Tag Archives: handwritten text recognition

Unlocking the Colonial Archive: Grant Will Bring Access to a Trove of Documents

Game-changing innovations that use artificial intelligence (AI) tools will improve access to Indigenous and Spanish colonial archives. “Unlocking the Colonial Archive: Harnessing Artificial Intelligence for Indigenous and Spanish American Historical Collections” is a collaborative project led by LLILAS Benson Latin American Studies and Collections at The University of Texas at Austin, the Digital Humanities Hub at Lancaster University, and Liverpool John Moores University. The project will transform “unreadable” digitized Indigenous and Spanish colonial archives into data that will be accessible to a broad spectrum of researchers and the public.

The project will be funded by a $150,000 collaborative grant from the National Endowment for the Humanities (NEH) as well as €250,000 (approx. US$304,000) from the UK’s Arts and Humanities Research Council (AHRC) through the joint New Directions for Digital Scholarship in Cultural Institutions program. Kelly McDonough, associate professor in the Department of Spanish and Portuguese, and Albert A. Palacios, digital scholarship coordinator at LLILAS Benson, will manage the project at UT Austin.

The Benson Latin American Collection at The University of Texas at Austin possesses one of the world’s foremost collections of colonial documents in Spanish and Indigenous languages of Latin America. Yet even when digitized, such documents are often neither searchable nor readable because of calligraphy, orthography, and the written language of the document itself. In tackling this problem, the collaborators propose to employ and develop interdisciplinary data science methods with three goals in mind: to expedite the transcription of documents using cutting-edge Handwritten Text Recognition technology; to automate the identification and linking of information through standardized vocabulary ontologies using Linked Open Data and Natural Language Processing techniques; and to facilitate the automated search and analysis of pictorial elements through Image Processing approaches.

The research will be based on three digital collections under the aegis of LLILAS Benson and one from the National Archive of Mexico. The LLILAS Benson collections are digitized Benson Collection colonial holdings, including the Relaciones Geográficas, 16th-century painted written and pictorial documents describing the geography and peoples of New Spain; the Royal Archive of Cholula at the Archivo Judicial del Estado de Puebla (Mexico), which was digitized through a Mellon-funded post-custodial grant; and the Primeros Libros de las Américas, a digitized collection of books published in the Americas before 1601.

McDonough and Palacios say that the project will further colonial Latin American studies not only at UT, but beyond, significantly facilitating the discoverability and interpretation of these materials. “While the work will begin with collections at the Benson and its Latin American partners, the technology developed will be accessible to libraries and archives worldwide, who can use it to automatically transcribe their digitized manuscripts,” Palacios said. In addition, “through the public workshops that are part of this project, we will train humanists on new innovative approaches that leverage the potential of machine learning to facilitate research,” McDonough added.

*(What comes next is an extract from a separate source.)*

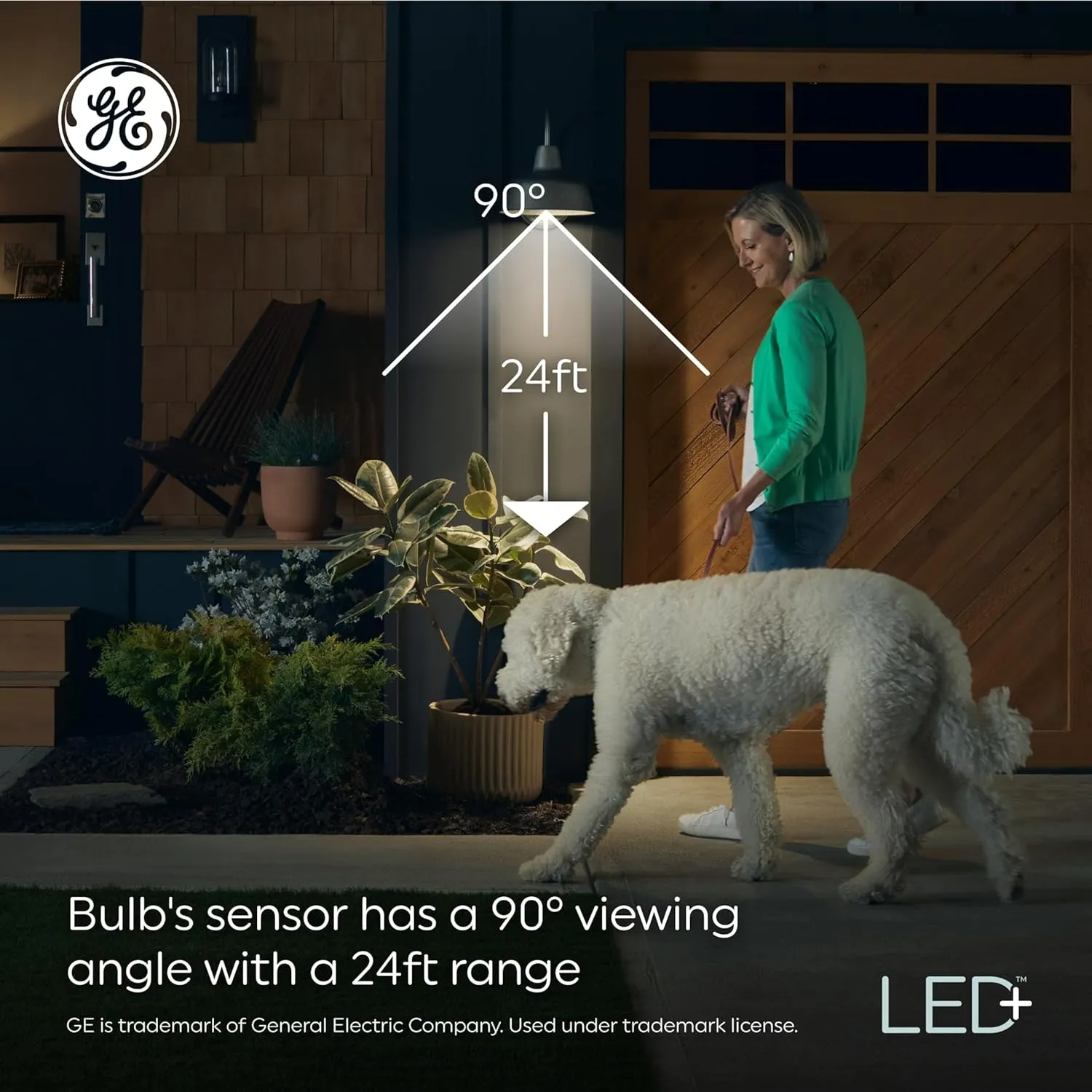 GE LED  Motion Sensor LED Light Bulbs, 12W, Outdoor Security Lights, A21, Warm White (2 Pack)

The geographical diversity among the project’s leadership and collaborators reenforce its global reach. The PIs are McDonough and Palacios of UT Austin, Patricia Murrieta-Flores of Lancaster University (UK), and Javier Pereda Campillo of Liverpool John Moores University (UK). Other collaborators hail from Germany, Mexico, Poland, Portugal, Spain, and Switzerland. Among the numerous participants from Mexico is Lidia García Gómez, history professor at the Benemérita Universidad Autónoma de Puebla, who was involved with the digitization of the Royal Archive of Cholula.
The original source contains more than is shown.